After nearly eight years of President Barack Obama and his media allies, it feels as though we have returned to September 10, 2001. Obama refuses to talk about the ideology of radical Islam and refuses to acknowledge the war being waged against us. While Obama continues to live in a parallel universe, the evidence that his policies have failed continues to mount.
By: John Bolton/The Algemeiner
Al Qaeda’s barbaric attacks on the United States 15 years ago caused a profound change in the way most Americans think about terrorism. Before September 11, 2001, they saw apparently random suicide bombings and murders of innocent civilians perpetrated by obscure groups of fanatics based in distant lands. Afterward, for the first time, most Americans understood that a hostile ideology had declared war against America and the West generally.

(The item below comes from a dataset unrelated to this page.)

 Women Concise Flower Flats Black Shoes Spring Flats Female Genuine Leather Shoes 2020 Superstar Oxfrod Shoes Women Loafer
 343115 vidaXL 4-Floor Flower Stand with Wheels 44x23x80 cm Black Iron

The long parade of pre-9/11 terrorist atrocities was not random but was actually the opening salvo of the war to come. Whatever people thought previously, the war itself became all-too real in the World Trade Center’s devastation; the partially successful assault on the Pentagon; and the unknown objective of those who hijacked United Flight 93, scene of the first American counterattack by heroic passengers.
Without doubt, we had not experienced a minor deviation from civilized society’s legal norms. Instead, 9/11 was a direct assault on civilization itself: These fanatics actually had declared war on us. Correspondingly, we needed the right counterpunch, not responding as though faced with a strange new crime wave, merely pursuing and arresting the perpetrators and prosecuting them as lawbreakers.

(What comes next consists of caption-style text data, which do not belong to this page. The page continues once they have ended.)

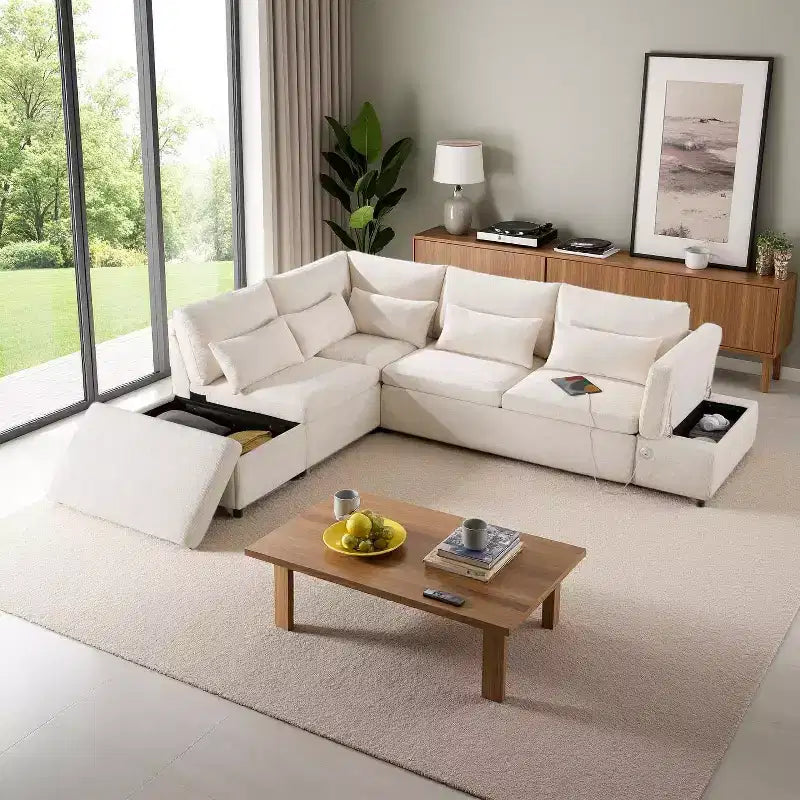 Divano componibile in ciniglia oversize Polibi con letto estraibile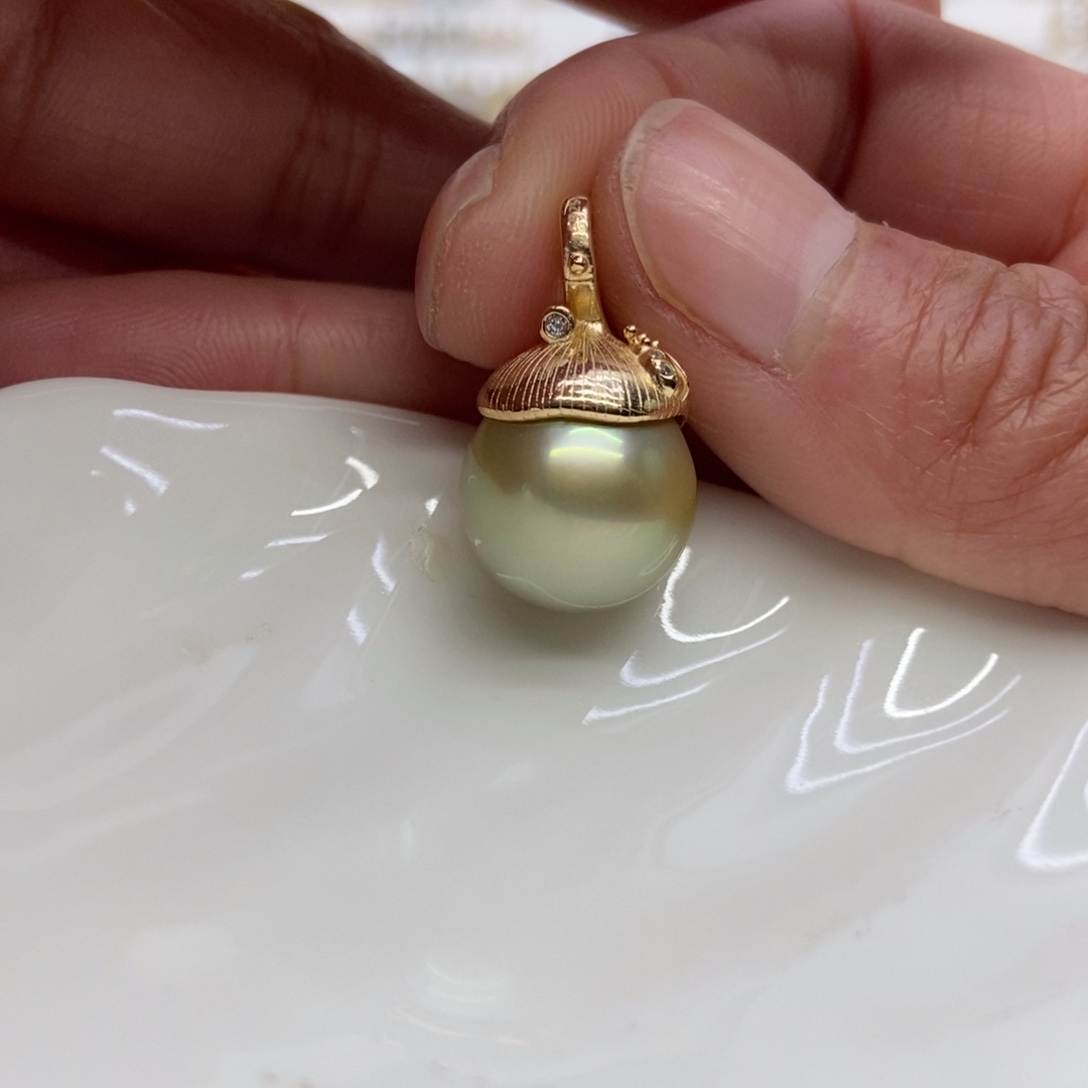 海水珍珠吊坠(不含链)银S925镶嵌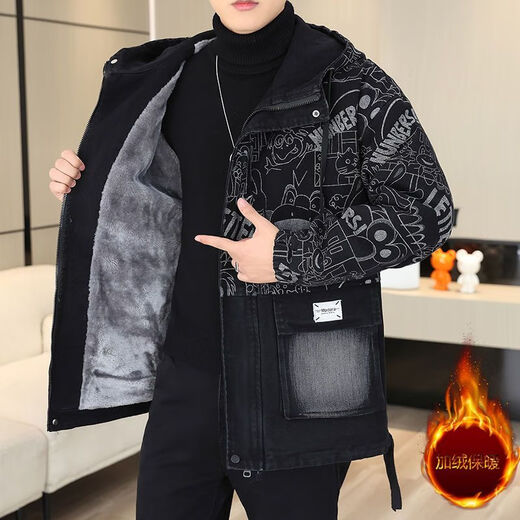 NASALIKE冬季中长款牛仔外套男加绒加厚宽松潮流大码派克服学生青少年棉服 719黑色 加绒加厚 XL 110-130斤左右
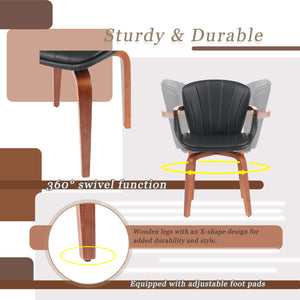 English Elm Mid-Century Bentwood Swivel Dining Chairs Set Of 2 – Stylish Pu Leather Accent Chairs In Black N842P290039B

The radical Islamist ideology motivating Al Qaeda and its Taliban allies seems bizarre and nearly incomprehensible to most Americans, then and now. That the ideology comes in many variations — from the dark and twisted delusions of Iran’s Ayatollah Khomeini to today’s malignant Islamic State rampaging through the Middle East and North Africa — doesn’t make it easier to grasp. Unfortunately, precisely because the ideology is not monolithic, it is more difficult to counter in sustained, effective ways.

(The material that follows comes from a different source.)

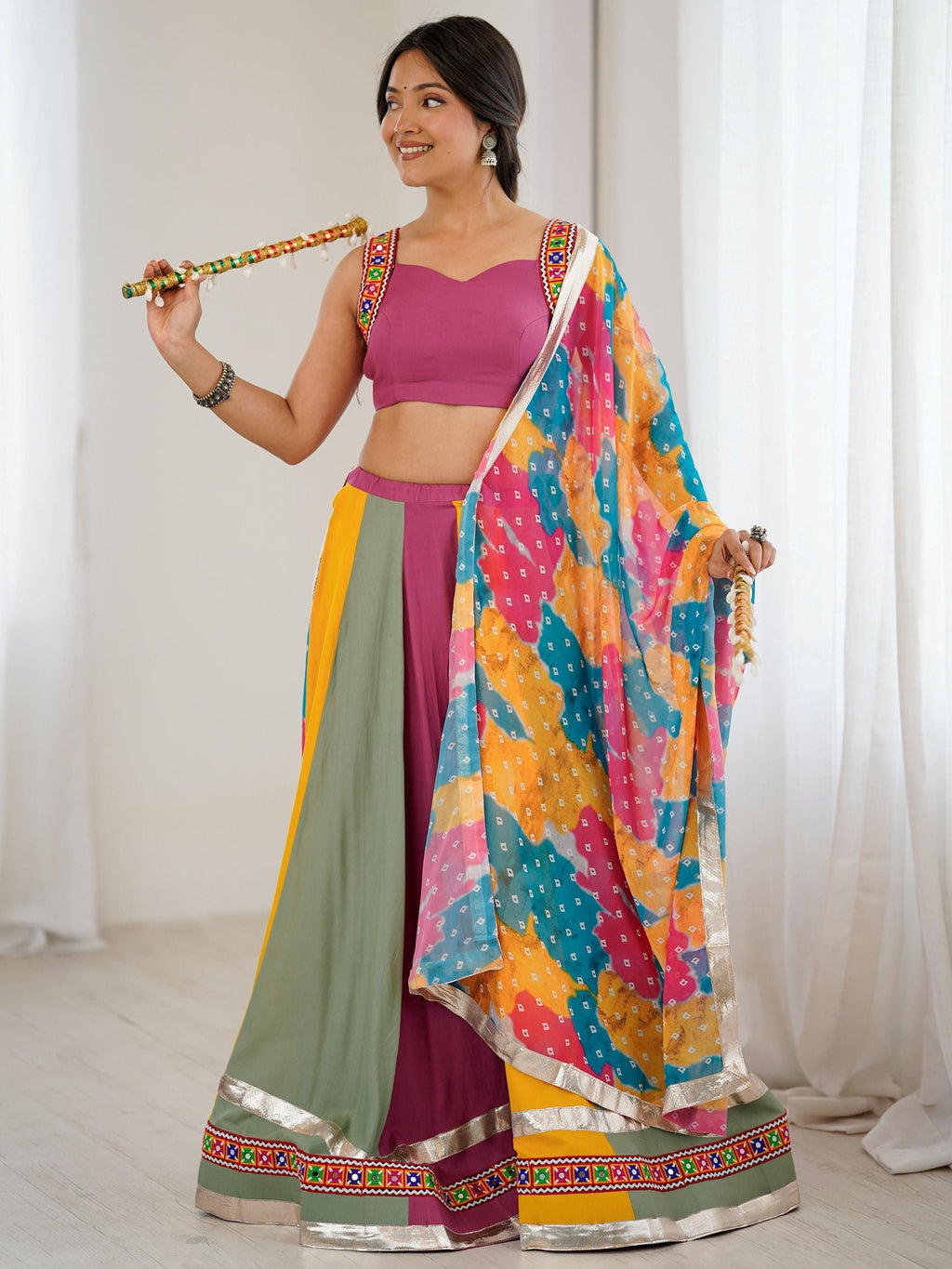 Stylish Multi-Color Rayon Navratri Wear Lehenga Choli With Printed Dupatta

Nonetheless, on that September day 15 years ago, Americans knew that unlike prior provocations that often went unanswered, these attacks could not be ignored or brushed aside. And they were not, certainly not by President George W. Bush. Taliban and Al Qaeda were driven from power in Afghanistan in a brilliant military campaign. No due process rights were afforded on the Afghan battlefield, nor should they have been, any more than enemy combatants received US constitutional protections in any other war we have fought. It was war, not law-enforcement, we were conducting, and rightly so.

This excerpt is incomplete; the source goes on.